Aynı kaynak, müzakerelerde; büyük bir iyimserliğe imkân tanımayan bir siyasi çatışma var olduğunu belirtti ve Genel Sekreter’in istediği bütün verilerin henüz teati edilmediğini teyit etti. Kıbrıslı Türk lider Derviş Erğolu da verdiği her şeyin ‘Kıbrıs Rum basınına sızdığını’ savundu.

BM merkezinden kaynağın söylediği üzere ‘durum çıkmazdadır’. Downer’ın uluslar arası konferans toplanmasını öngörüp öngörmediğine dair raporunu Genel Sekreter’e sunacağı Mart sonuna bir aydan biraz fazla bir süre kalmışken Güvenlik Konseyi üyesi bir ülkeden bir diplomat KİPE muhabirine; bugünkü olgularla, Avustralyalı diplomatın önerisinin olumsuz olmasını beklediğini söyledi.

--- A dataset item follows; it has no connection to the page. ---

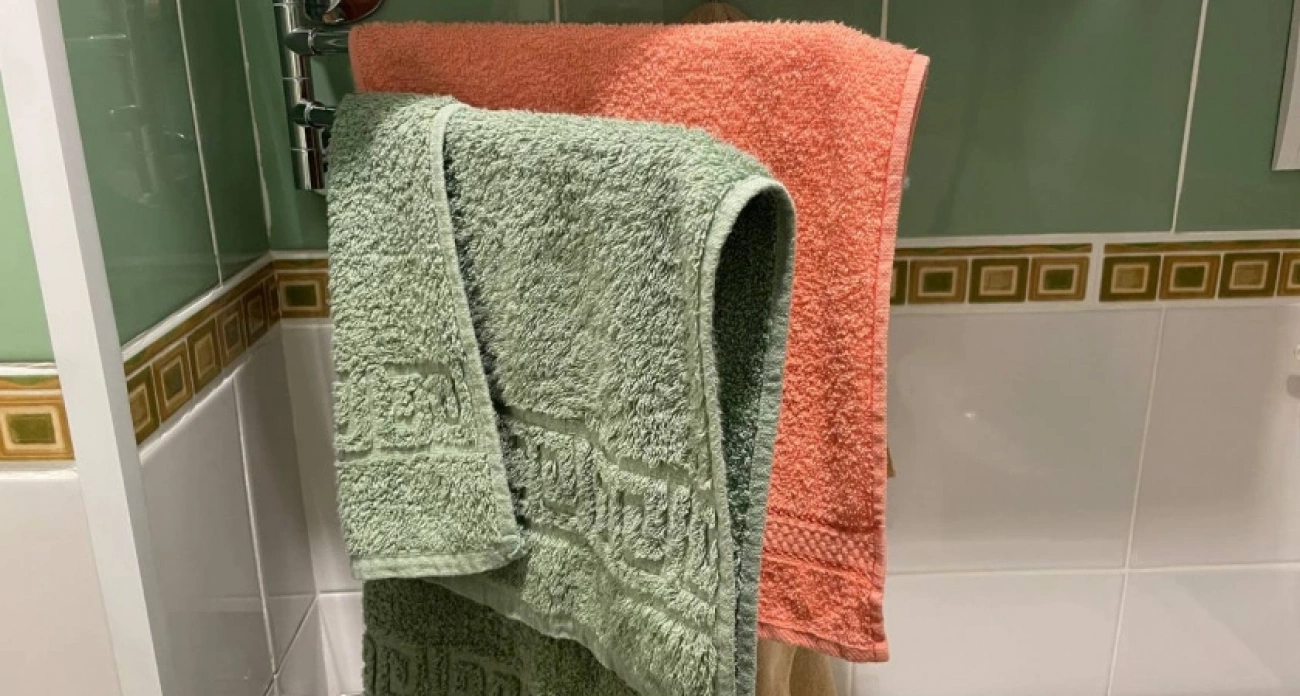 1 стакан в стиральную машину — и махровые полотенца станут мягче пуха: забудьте о жёсткой ткани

Güvenlik Konseyi’ndeki ortak payda, 3,5 yıllık müzakerelerde başarılan her şeyin yitirilmemesi gerektiğidir. 5 Daimi üyenin Genel Sekreter’e yönelik gayrı resmî tavsiyeleri de prosedürün kasım ayına kadar devam etmesi, görüşmelerin özellikle lider temsilcileri düzeyinde yapılması, Eroğlu ve Hristofyas’ın seyrek görüşmesi yönündedir.

Aynı diplomat Türk tarafının, 1 Temmuz’da müzakerelerin sona ereceğine ilişkin açıklamalarını yorumlaması istendiğinde ‘Genel Sekreter’in talep etmeyeceği ve Güvenlik Konseyi’nin katılmayacağı bir şey söylemenin bedeli büyüktür’ ifadesini kullandı.

STEFANU: “AB DÖNEM BAŞKANLIĞI İLE MÜZAKERELER ARASINDA HİÇBİR İLİŞKİ YOKTUR”

Hükümet Sözcüsü Stefanos Stefanu RİK’e yaptığı açıklamada, Lefkoşa’nın; suni takvimlerin kabul edilmemesiyle müzakerelerin devam etmesi konusundaki tavrının net olduğunu belirtti. Sözcü özellikle Türk tarafının 1 Temmuz’u takvim olarak koymaya çalıştığına işaret ederek şunları söyledi:

‘Başkan’ın tutumu nettir. Bu tutumunu BM Genel Sekreter’in huzurunda söyledi ve uluslar arası camianın bütün oyuncularına da iletti. Avrupa Birliği Dönem Başkanlığı’nı Kıbrıs Cumhuriyeti’nin devralmasından sonra da Kıbrıs sorununun çözüm müzakerelerine devam etmeye hazırdır. Kıbrıs’ın dönem başkanlığı ile Kıbrıs sorununun çözüm müzakereleri arasında şu veya bu şekilde hiçbir ilişki yoktur.’

Uluslararası konferans konusuna da değinen Stefanu bu konferansın Kıbrıs sorununun iç yönlerinde anlaşmaya varıldığında çağrılacağını ve sadece Kıbrıs sorununun uluslar arası yönlerinin ele alınacağını tekrarladı. O zaman da, BM’nin himayesi altında yapılması gereken konferansa, Güvenlik Konseyi’nin 5 daimi üyesi, AB, garantör güçler, Kıbrıs Cumhuriyeti ve iki toplumun katılması gerektiğini ekledi. Sözcü Kıbrıs Rum tarafının iyi niyetine işaret etti ve Kıbrıs Türk liderliğinin ve özellikle Türkiye’nin de aynı iyi niyeti göstermesi gerektiğini sözlerine ekledi.”